- PROVIDED MATERIAL:
---

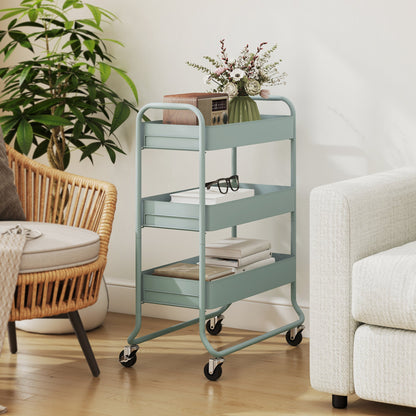 HOMCOM 3-Tier Storage Trolley on Wheels, Rolling Utility Cart with Mesh Backets for Kitchen, Bathroom, Bedroom, Light Green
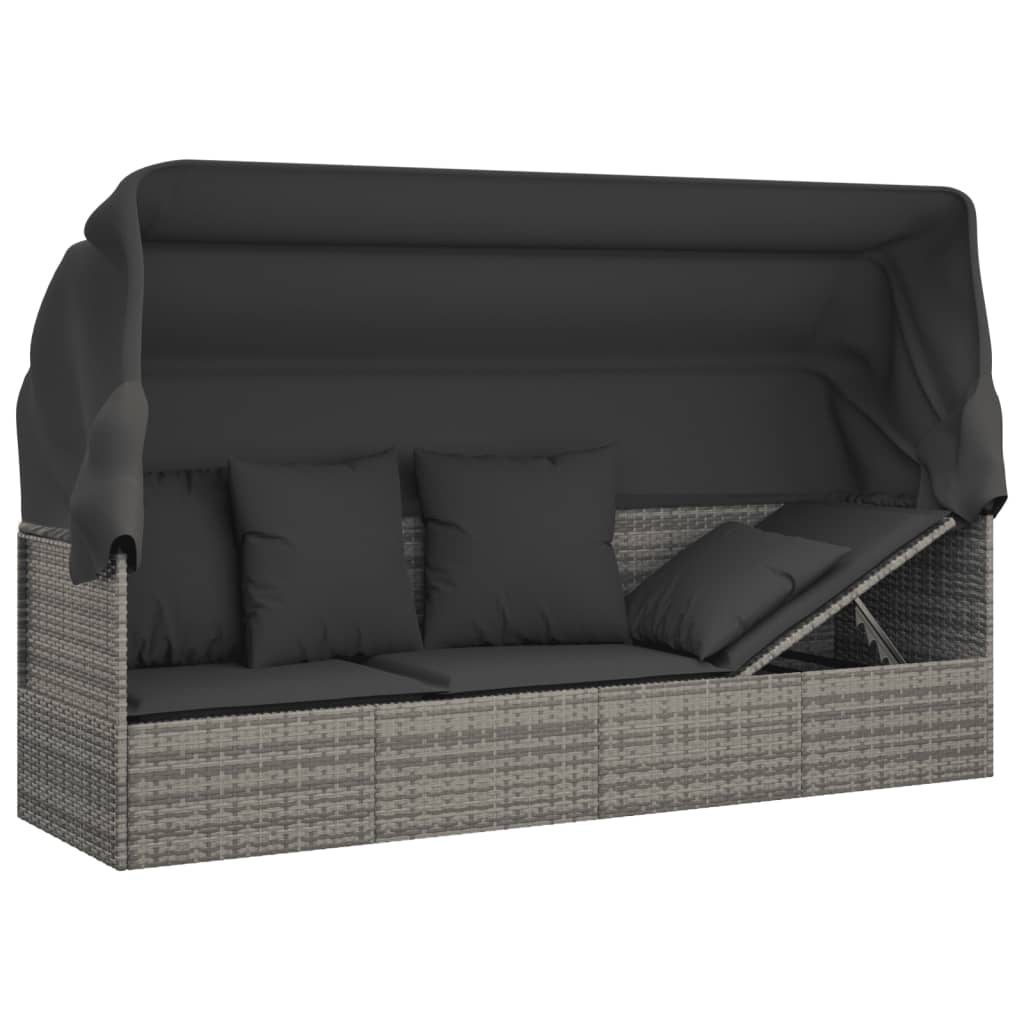 8720845671310_g_en_hd_6 vidaXL Outdoor Lounge Bed with Roof and Cushions Grey Poly Rattan - Image 8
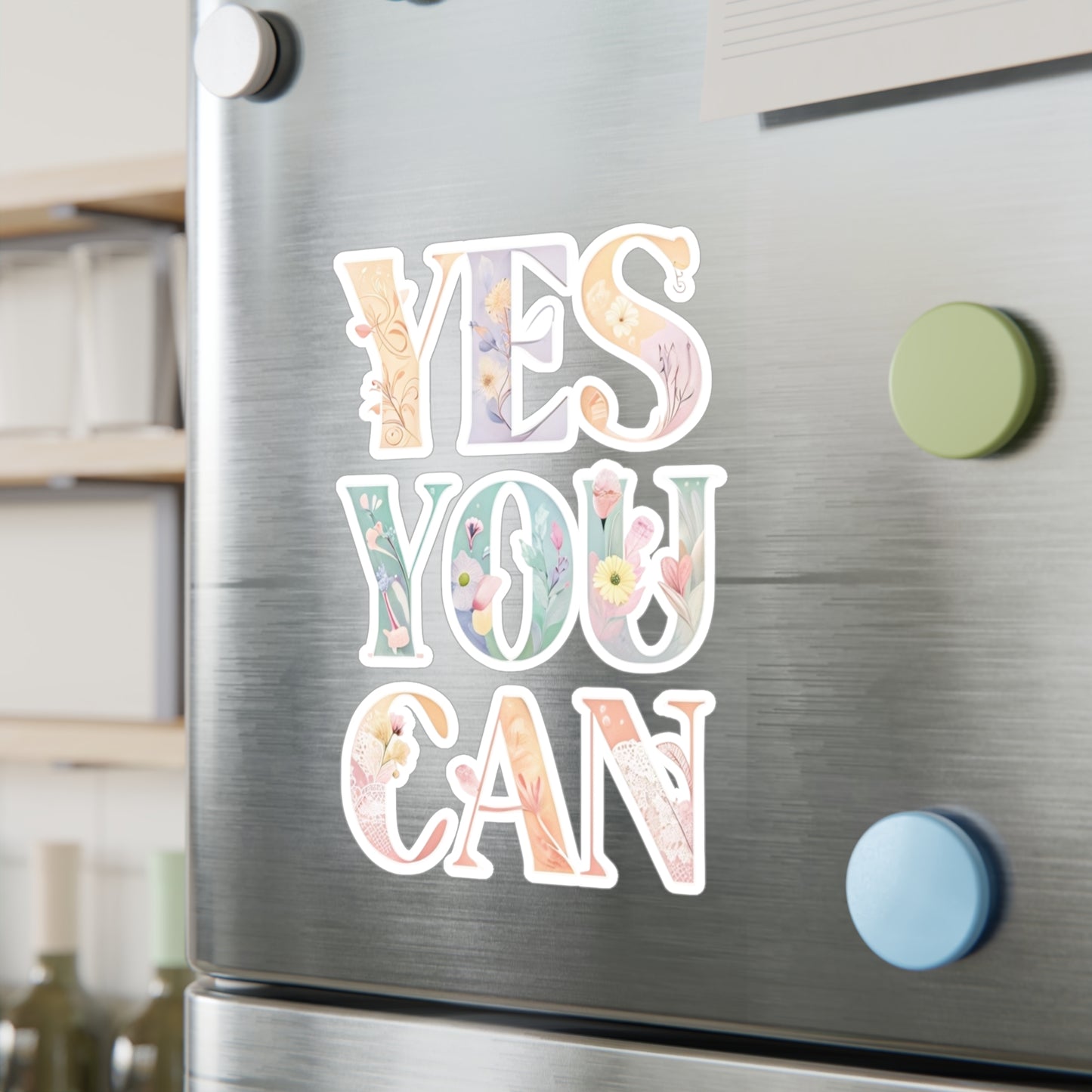 Inspirational Vinyl Decals for Home Decor, Motivational Stickers, Positive Affirmation Stickers, Yes You Can Decal for Walls, Laptop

---

- WHAT IS EXPECTED: Should there be pictures in the data, leave them out and return the rest exactly.

- WORKED SOLUTION:
 HOMCOM 3-Tier Storage Trolley on Wheels, Rolling Utility Cart with Mesh Backets for Kitchen, Bathroom, Bedroom, Light Green
 8720845671310_g_en_hd_6 vidaXL Outdoor Lounge Bed with Roof and Cushions Grey Poly Rattan - Image 8
 Inspirational Vinyl Decals for Home Decor, Motivational Stickers, Positive Affirmation Stickers, Yes You Can Decal for Walls, Laptop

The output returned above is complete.